→ **BRIEF**
The exercise calls for the lines from the one containing "Флешка USB 16 Гб OltraMax 240, USB2.0, белый" to the end of the data below to be output exactly, pictures excluded.

→ **PROVIDED DATA**
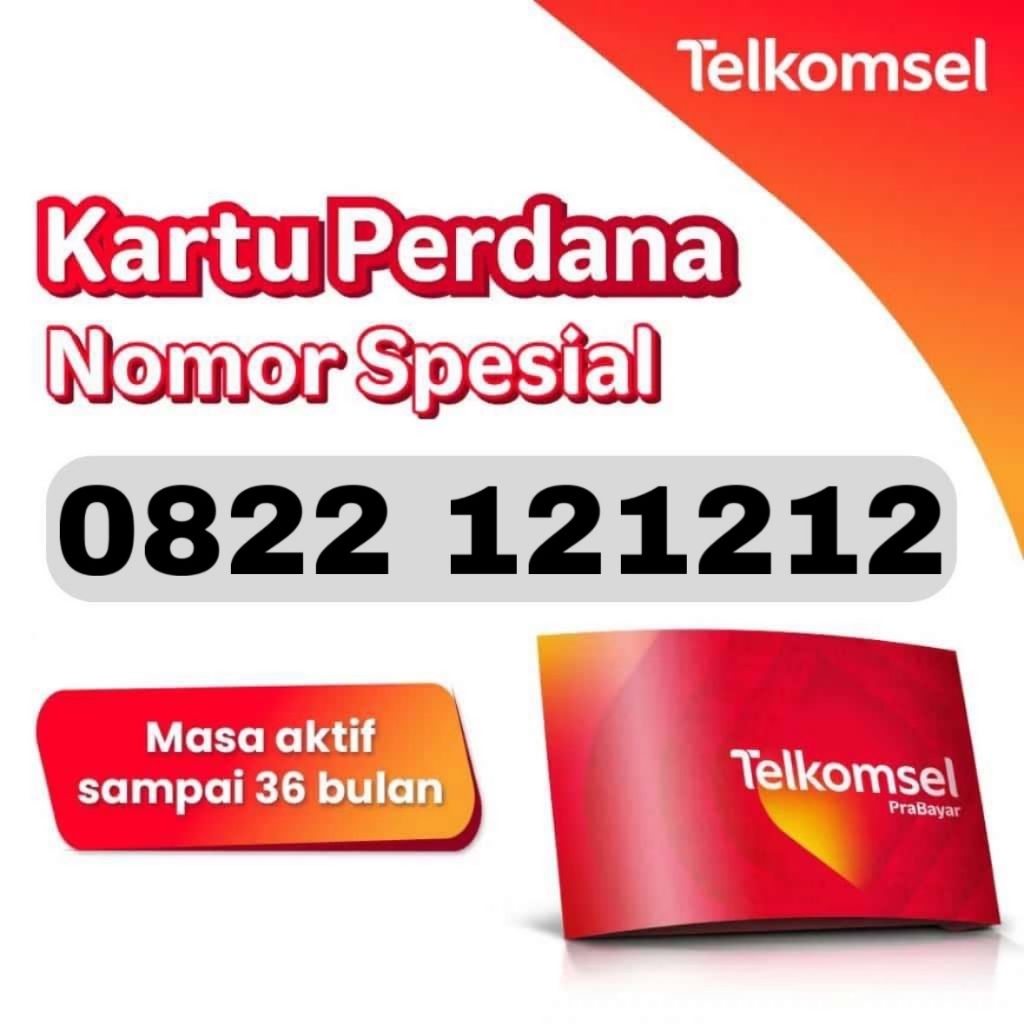 Nomor Cantik Simpati 10digit Telkomsel 0822 121212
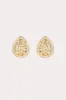 Ibiza Crystal Stud Earrings - Clear Crystal sold by Birdy Grey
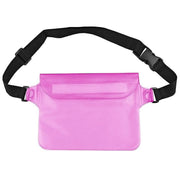 Waterproof Underwater Waist Belt Bum Bag Beach Swimming Boating Dry Phone Pouch - Orange V528-WATERPROOFBAG-ORANGE-499134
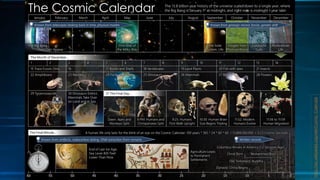 https://en.wikipedia.org/wiki/Cosmic_Calendar
 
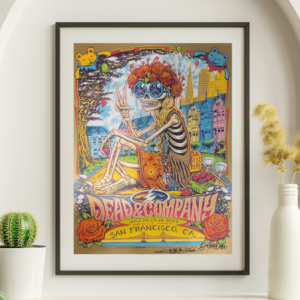 Dead and Company - Oracle Forum SF CA, July 14, 2023 - Live Concert Poster Wall Art Poster Print - 131020
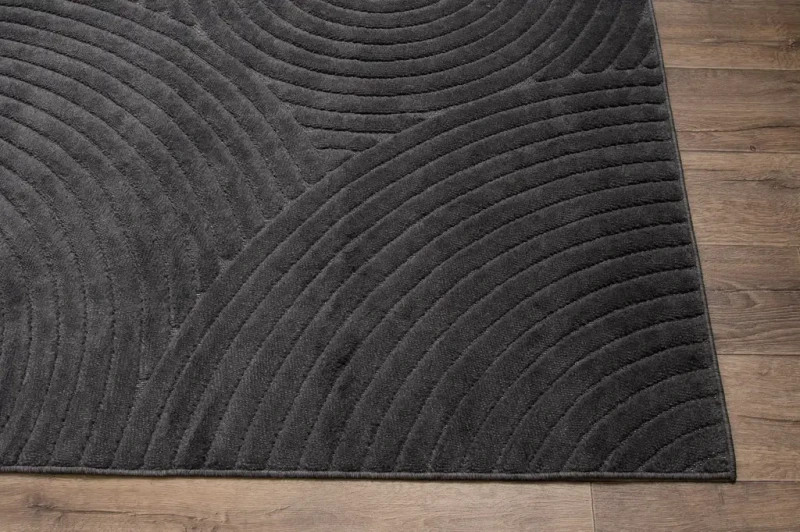 Dywan art deco 3d Dywilan Juno 6 D798AA anthracite przybliżenie wzoru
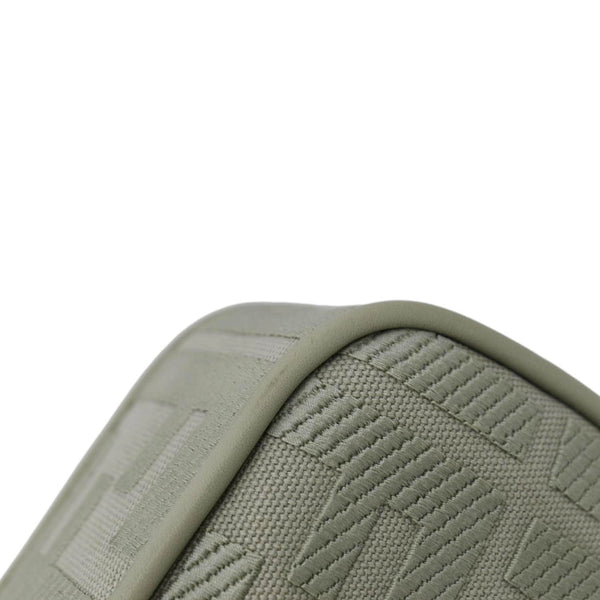 FENDI Baguette FF Canvas Chain Shoulder Bag Mint Green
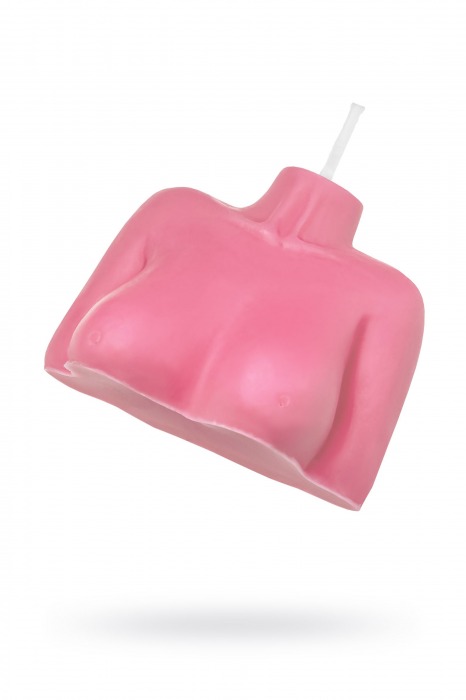 Розовая сувенирная свеча «Женский силуэт» - Pecado - купить с доставкой в Коврове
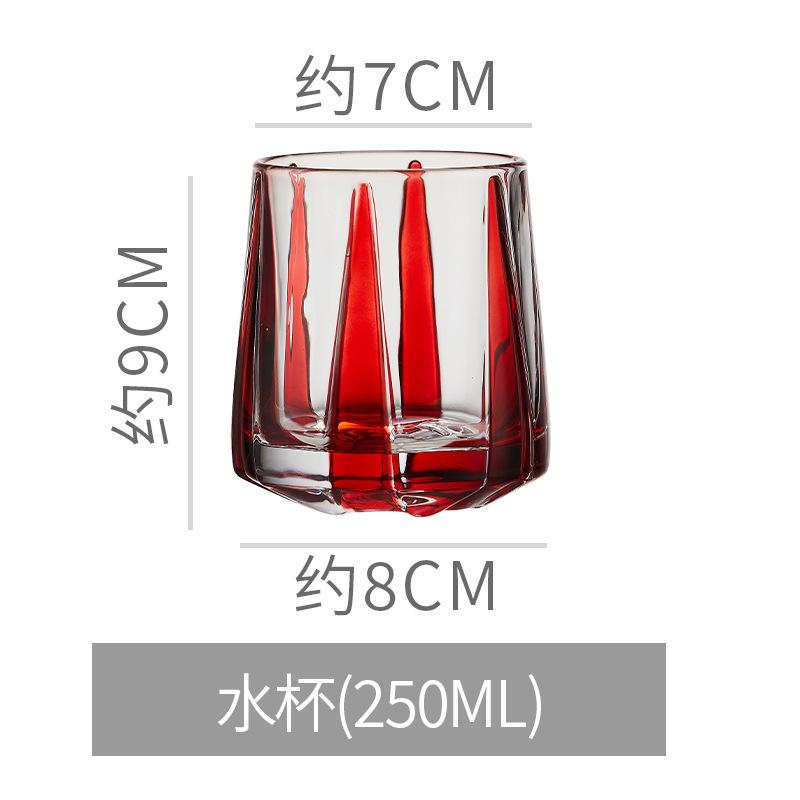 Creative Sword Patterned Crystal Glass Cup, Colored Electroplated Whiskey Glass, High-value Beer Glass, Cold Brew Coffee Cups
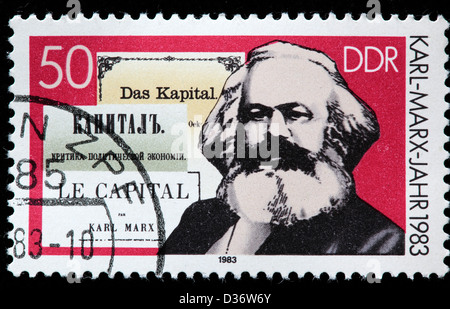 Karl Marx, postage stamp, Germany, 1983 Stock Photo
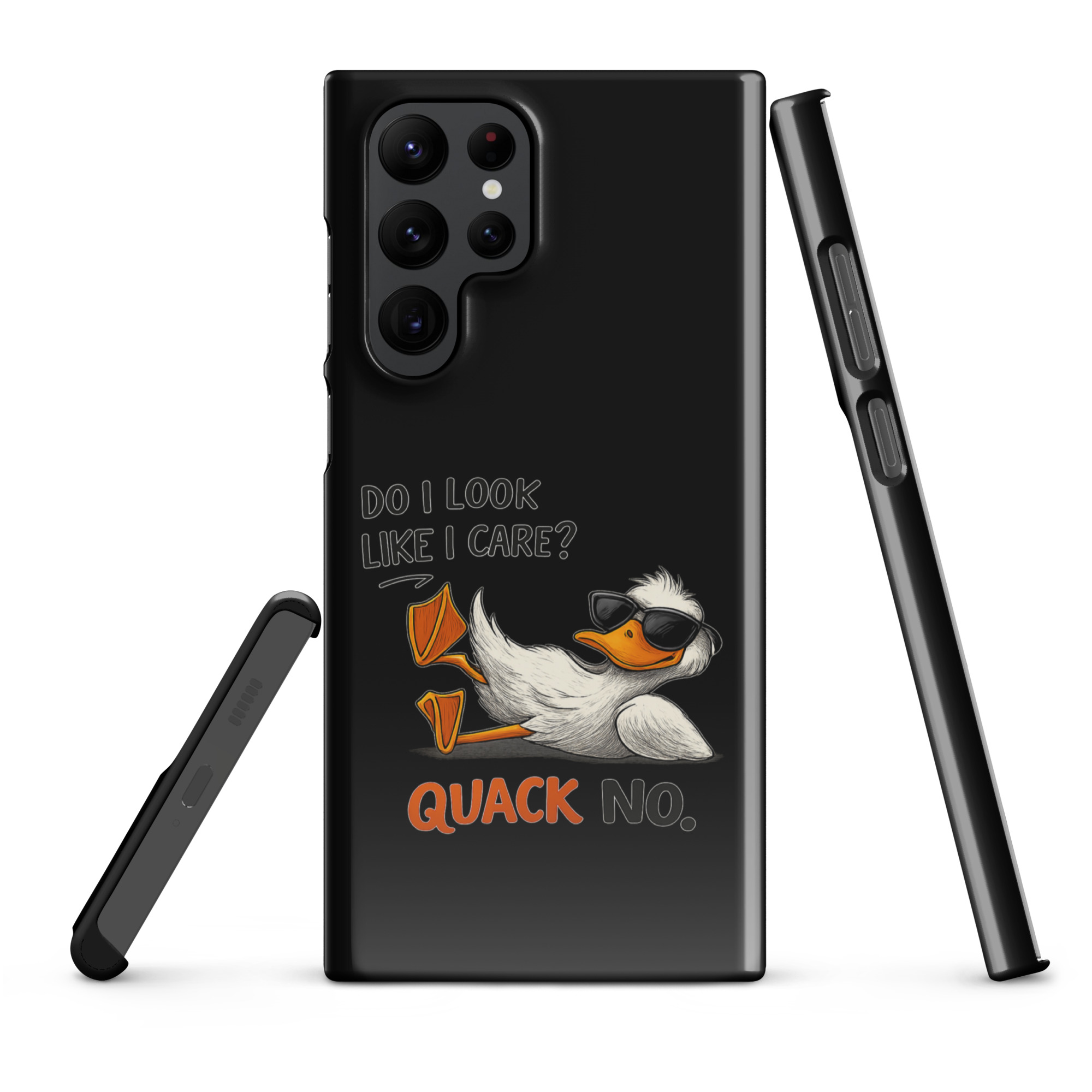 Do I look like I care? Quack No. Snapcase Samsung®-Hülle – Accessoires – klamottn.de Do I look like I care? Quack No. Snapcase Samsung®-Hülle – Accessoires – klamottn.de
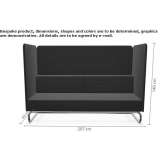 Sectional sofa with high backrest Bibano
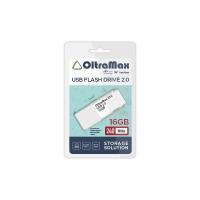 Флешка USB 16 Гб OltraMax 240, USB2.0, белый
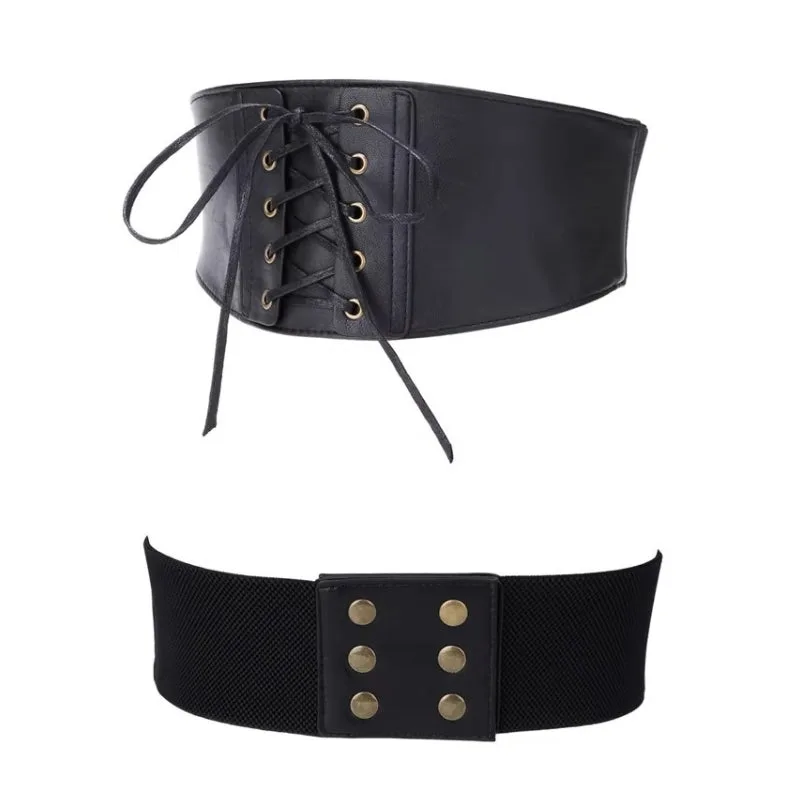 View 2 — Steampunk waist cincher — Belt PU faux leather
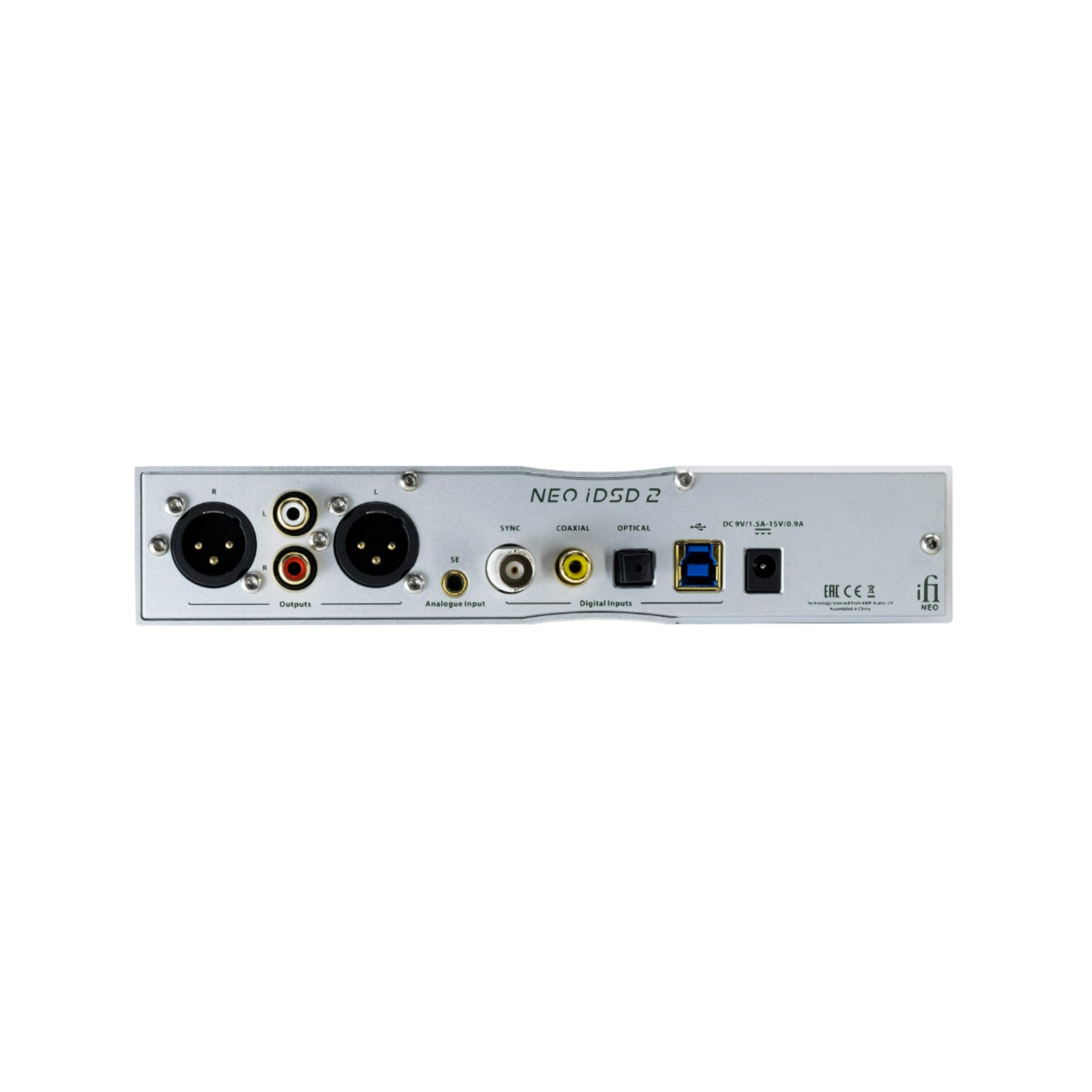iFi Neo iDSD 2 Hi-Res Bluetooth DAC & Headphone Amplifier - Lossless Audio, Open Box (Perfect for Home Audio & Studio Use)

→ **EXPECTED OUTPUT**
 Флешка USB 16 Гб OltraMax 240, USB2.0, белый
 View 2 — Steampunk waist cincher — Belt PU faux leather
iFi Neo iDSD 2 Hi-Res Bluetooth DAC & Headphone Amplifier - Lossless Audio, Open Box (Perfect for Home Audio & Studio Use)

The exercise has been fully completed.